Perhaps the "Fast Prime" method alluded to in the question's citation is that of these two papers (the second polishing the first):

Several things match:

  • The objective of the articles is clearly the one pursued by the technique used.
  • "Fast Prime" is two words from the title of [JP2006].
  • "date back to the year 2000" is matched by the publication of [JPV2000].
  • "use started around ten years later after thorough reviews" allows [JP2006] to get published and reviewed.
  • From what we know, the prime generator makes heavy use of an $M=P_n\#=\displaystyle\prod_{i=1}^n p_i$, essentially as [JPV2000] and [JP2006] do (their $\Pi$ is $M/2$).

However, the technique in [JP2006] is proven to generate almost random primes, and is not susceptible to the ROCA attack. Hence if my theory is right, there has been a serious implementation goof.

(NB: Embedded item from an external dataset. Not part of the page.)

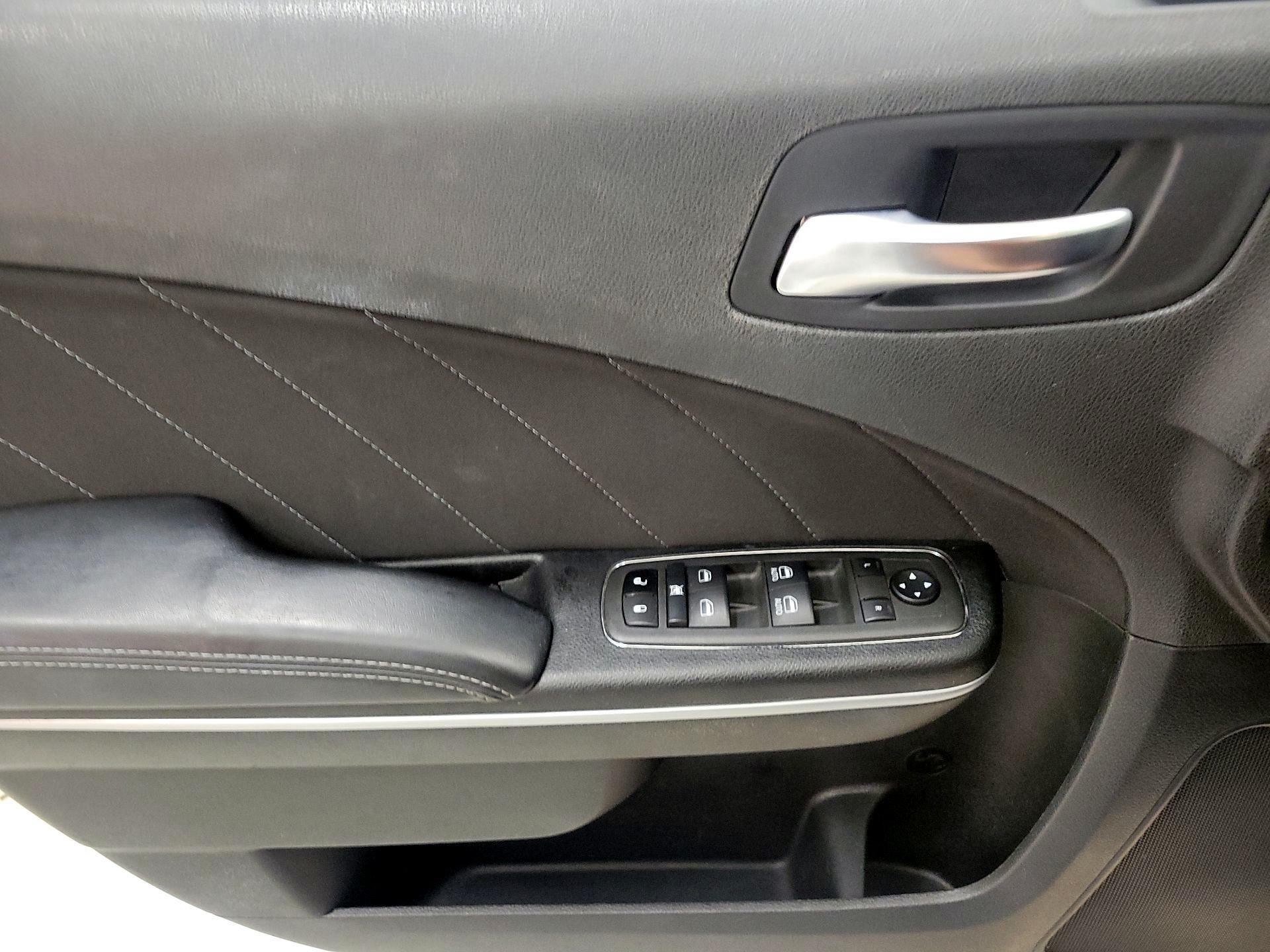 Thumbnail: 2022 Dodge Charger - 12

The fact that $65537^a$ occurs makes me wonder if the cause of the goof might be a deliberate attempt, gone horribly wrong, to make it faster to compute $e^{-1}\bmod p$ with $e=65537$; or perhaps just insure that it is defined.


Update: as noticed in comment, Daniel J. Bernstein and Tanja Lange's blog confirms an attempt at implementing [JP2006] gone wrong:

A related algorithm "GenPrime" was published by Joye and Paillier in 2006. The Joye–Paillier generator, like Lehmer's generator, starts from a new random number $r$ coprime to $L$ and then multiplies repeatedly by a constant $g$ modulo $L$, obtaining $r$ times a power of $g$. This can produce any number modulo $L$, and produces only a slight bias in the resulting primes. The guess was that (company) was oversimplifying and generating merely a power of $g$; this produces far fewer numbers modulo $L$.

The authors wrote back promptly, confirming that this guess was correct but not revealing more details.